Meskipun belanja pegawai tidak termasuk dalam komponen efisiensi anggaran, peningkatan belanja pegawai dalam jumlah besar akan semakin mempersempit ruang dan membebani alokasi penggunaan anggaran terhadap program prioritas di berbagai instansi pemerintah.
Gerak berbagai kementerian/lembaga (K/L) akan semakin terbatas dalam memberikan pelayanan publik yang ideal dan tidak leluasa dalam menyelenggarakan program pemerintah yang berdampak langsung kepada masyarakat, seperti yang sudah ramai terjadi saat ini mengenai kebijakan pemangkasan anggaran pada sektor pendidikan, penegakan HAM, pencegahan dan penanggulangan bencana alam, dan seterusnya.
Baca juga: Bayar Bayar Bayar: Suara yang Dibungkam, Masih Adakah Ruang Berekspresi?
Perekrutan ASN baru semestinya dilakukan secara bertahap, bukan tiba-tiba diselenggarakan dengan membuka formasi “jumbo”, sehingga tidak terlalu membebani anggaran negara.
Pemerintah dapat mengambil pendekatan inkremental dengan melakukan penguatan reformasi birokrasi dalam rangka penguatan sumber daya manusia ASN saat ini seperti berfokus pada meningkatkan kompetensi, kualifikasi dan kinerja ASN.
Beberapa opsi kebijakan yang dapat diambil adalah dengan memastikan implementasi manajemen talenta setiap K/L sudah berjalan dengan baik.

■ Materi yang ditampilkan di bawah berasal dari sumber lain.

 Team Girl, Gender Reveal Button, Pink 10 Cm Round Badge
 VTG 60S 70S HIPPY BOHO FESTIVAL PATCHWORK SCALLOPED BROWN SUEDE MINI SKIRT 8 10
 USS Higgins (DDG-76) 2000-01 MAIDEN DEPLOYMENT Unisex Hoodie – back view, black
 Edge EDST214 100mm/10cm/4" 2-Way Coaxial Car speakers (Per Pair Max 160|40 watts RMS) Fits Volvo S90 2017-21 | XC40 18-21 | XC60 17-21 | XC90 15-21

Selain itu, memperkuat sistem penilaian kinerja pegawai yang objektif dan akuntabel sehingga mengatasi permasalahan overstaffing dan understaffing di instansi pemerintah.

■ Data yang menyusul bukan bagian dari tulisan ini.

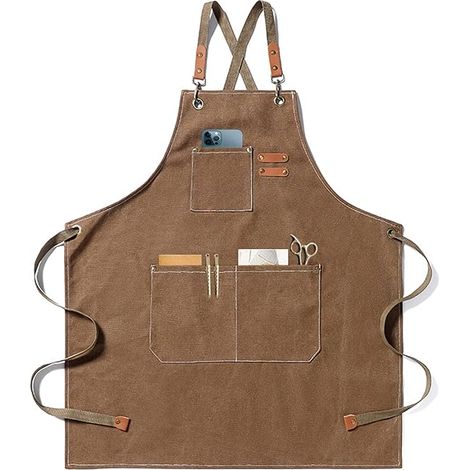 Schürze, Gartenarbeitsschürze Aus Baumwollstoff Mit Großen Taschen Für Männer Und Frauen, Küchenschürze, Robuste Verstellbare Gartenschürze - Kaffee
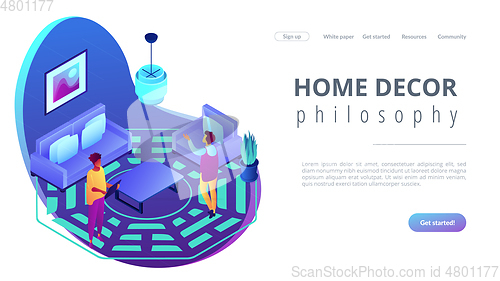 Image of Feng shui interior isometric 3D landing page.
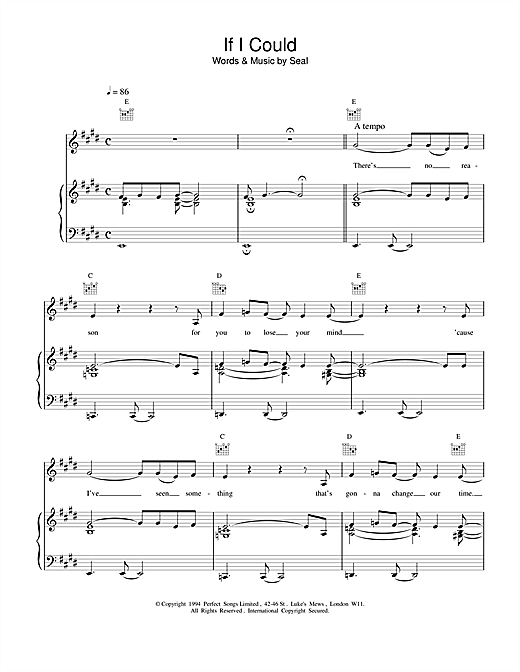 Preview Seal If I Could Pop sheet music, notes and chords for Piano, Vocal & Guitar (Right-Hand Melody), SKU: 19218 sheet music, piano notes, chords, guitar tabs, score, transpose, transcribe, how to play, guide, download, learn, tutorial, progression, song, artist, awards, billboard, mtv, vh1, tour, single, album, release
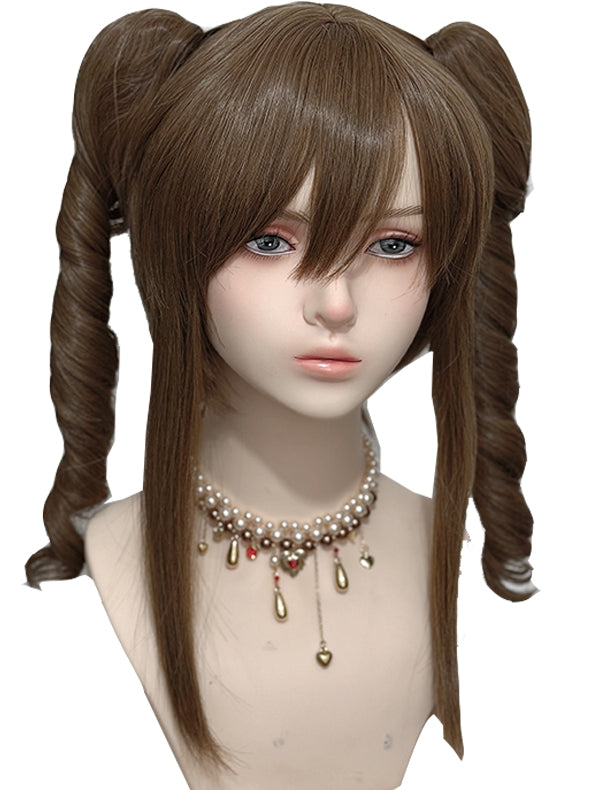 Wavy + Two Clips Medium Ponytails Brown Claw Wigs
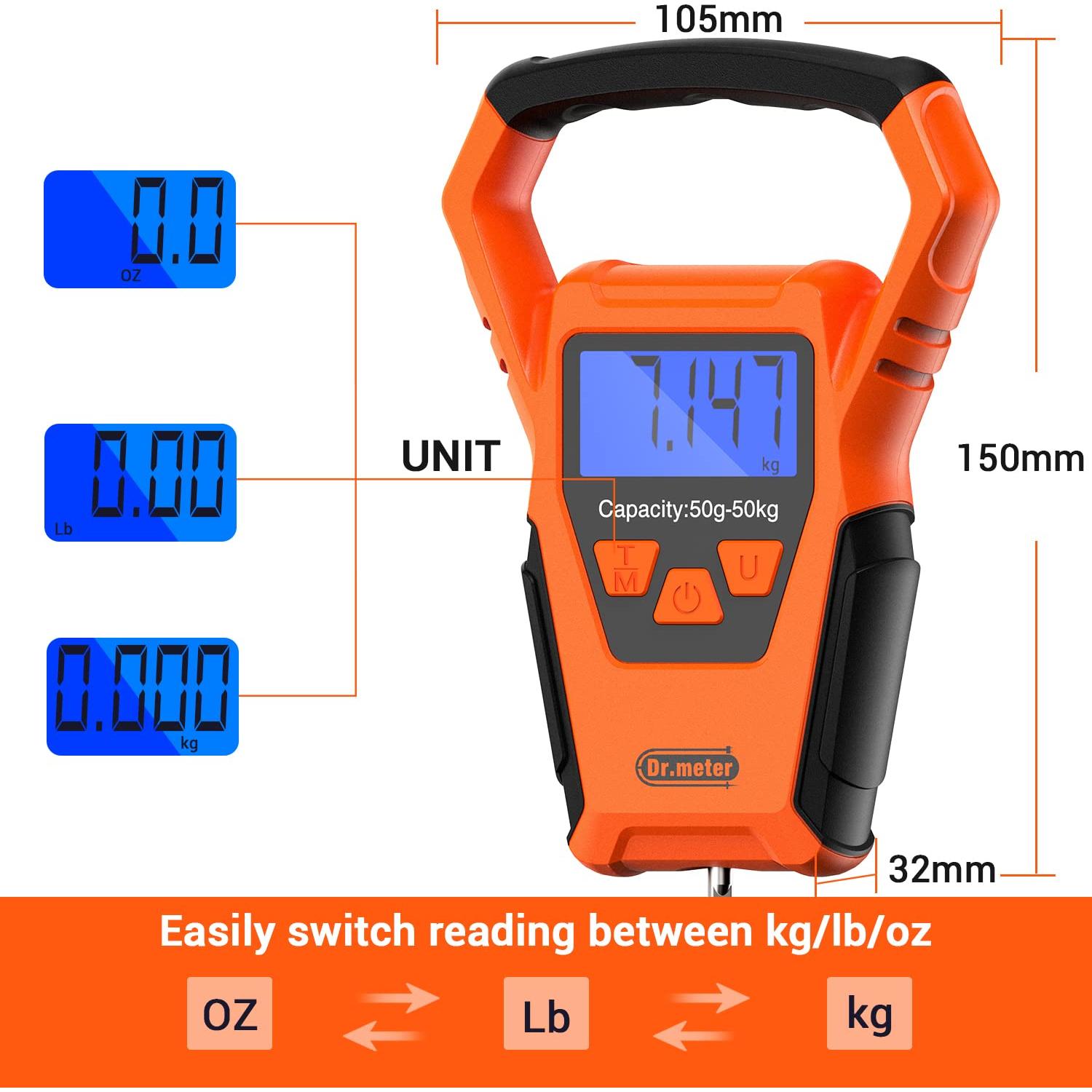 Balanza de Pesca Digital Dr.meter IPX7 50kg con Cinta y Accesorios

Satu persoalan besar lainnya adalah mengenai kebijakan penyelesaian tenaga non-ASN (honorer).
Dari 2,3 juta formasi CASN yang dibuka, 1,6 juta formasi tersebut terdiri dari pengadaan Pegawai Pemerintah dengan Perjanjian Kerja (PPPK).

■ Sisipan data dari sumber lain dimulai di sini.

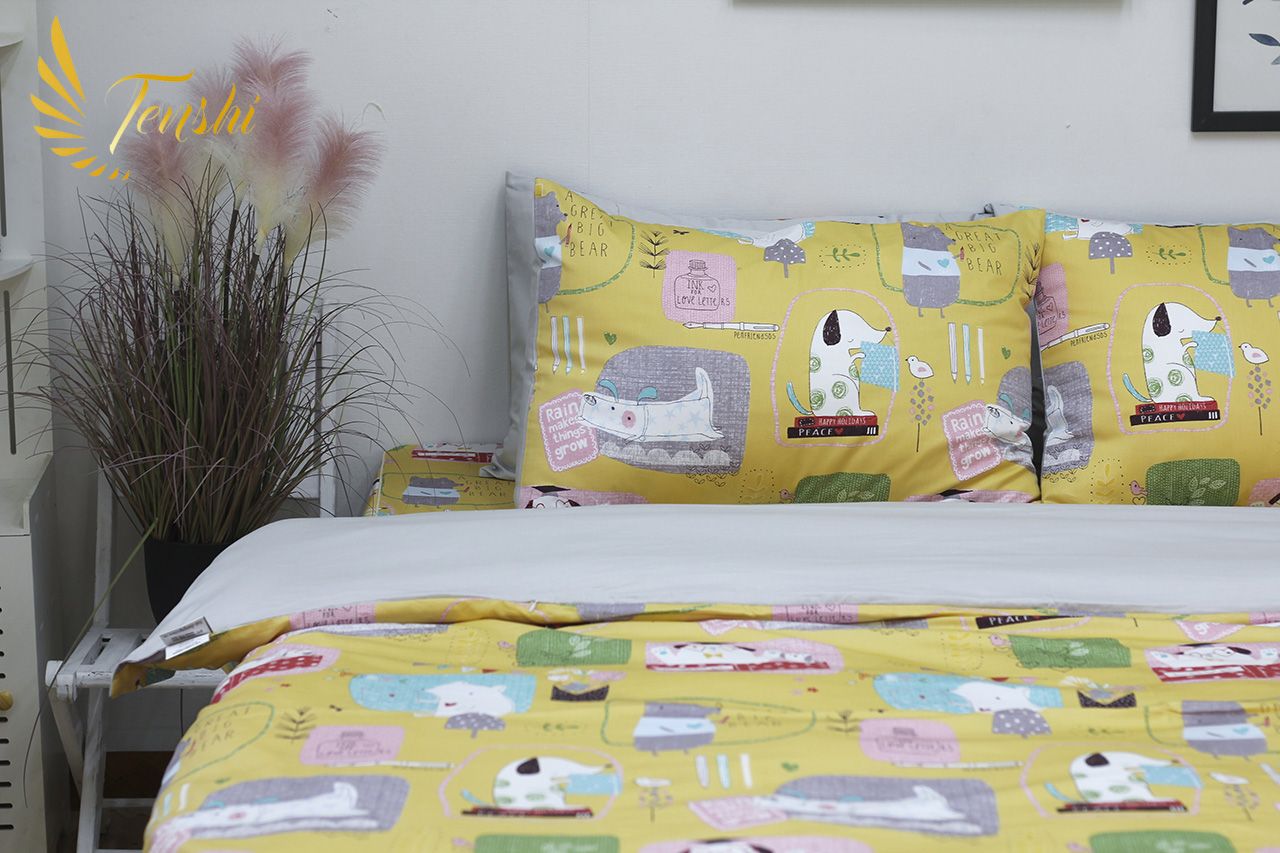 Set Chăn Ga Gối Cotton Lụa Hàn Quốc Happiness
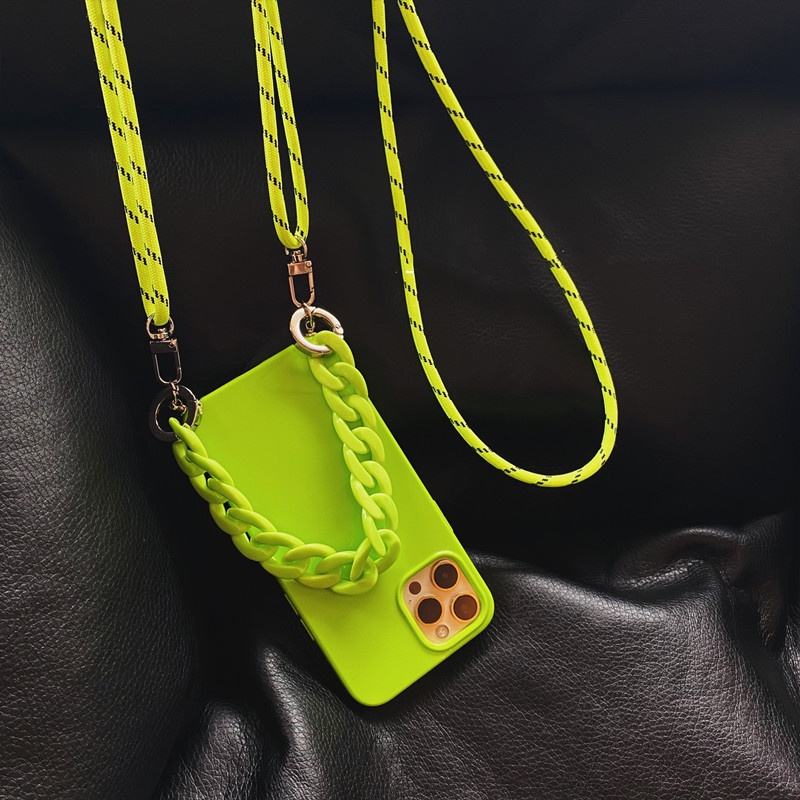 Ốp Điện Thoại Màu Trơn Có Dây Đeo Chéo Cho Iphone 11 12 13 Pro Max 13 MiNi 11 XR X XS Max 7 8 Plus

Pada awalnya, konsep pengadaan PPPK merupakan terobosan pemerintah dalam merekrut tenaga profesional kompeten dari luar instansi pemerintah dan kebijakan jangka pendek dalam mengakomodasi guru-guru honorer.
Namun dalam perjalanannya, PPPK justru sepenuhnya menjadi wadah untuk menampung tenaga honorer di seluruh instansi pemerintah.